Columns

Canada’s Net Neutrality Enforcement Failure

Two years ago, the Canadian Radio-television and Telecommunications Commission conducted a much-publicized hearing on net neutrality, which examined whether new rules were needed to govern how Internet providers managed their networks. While many Internet users remain unaware of the issue, behind the scenes Internet providers employ a variety of mechanisms to control the flow of traffic on their networks, with some restricting or throttling the speeds for some applications.

The Commission unveiled its Internet traffic management practices in October 2009, establishing enforceable guidelines touted as the world’s first net neutrality regulations. Where a consumer complains, Internet providers are required to describe their practices, demonstrate their necessity, and establish that they discriminate as little as possible. Targeting specific applications or protocols may warrant investigation and slowing down time-sensitive traffic likely violates current Canadian law.

While there was a lot to like about the CRTC approach, the immediate concern was absence of an enforcement mechanism. Much of the responsibility for gathering evidence and launching complaints was left to individual Canadians who typically lack the expertise to do so. Nearly two years later, my weekly technology law column (Toronto Star version, homepage version) posts an investigation into the system that reveals those concerns were well-founded.

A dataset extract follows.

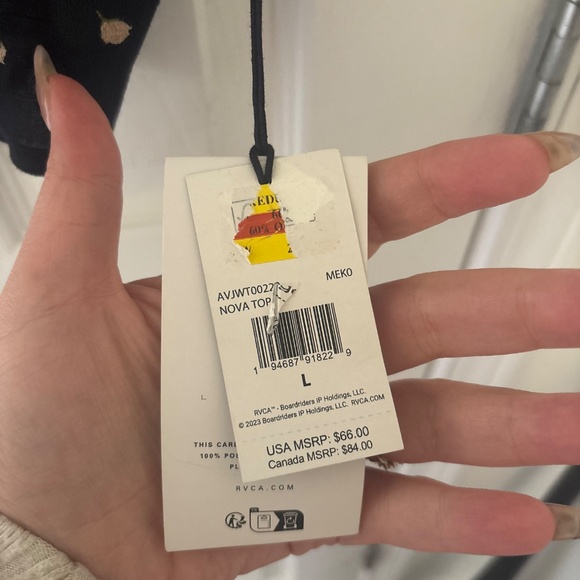 RVCA Cropped Smocked Puff sleeved floral bustier top L - Picture 8 of 8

Although the CRTC has not publicly disclosed details on net neutrality complaints and the resulting investigations, I recently filed an Access to Information request to learn more about what has been taking place behind the scenes. A review of hundreds of pages of documents discloses that virtually all major Canadian ISPs have been the target of complaints, but there have been few, if any, consequences arising from the complaints process. In fact, the CRTC has frequently dismissed complaints as being outside of the scope of the policy, lacking in evidence, or sided with Internet provider practices.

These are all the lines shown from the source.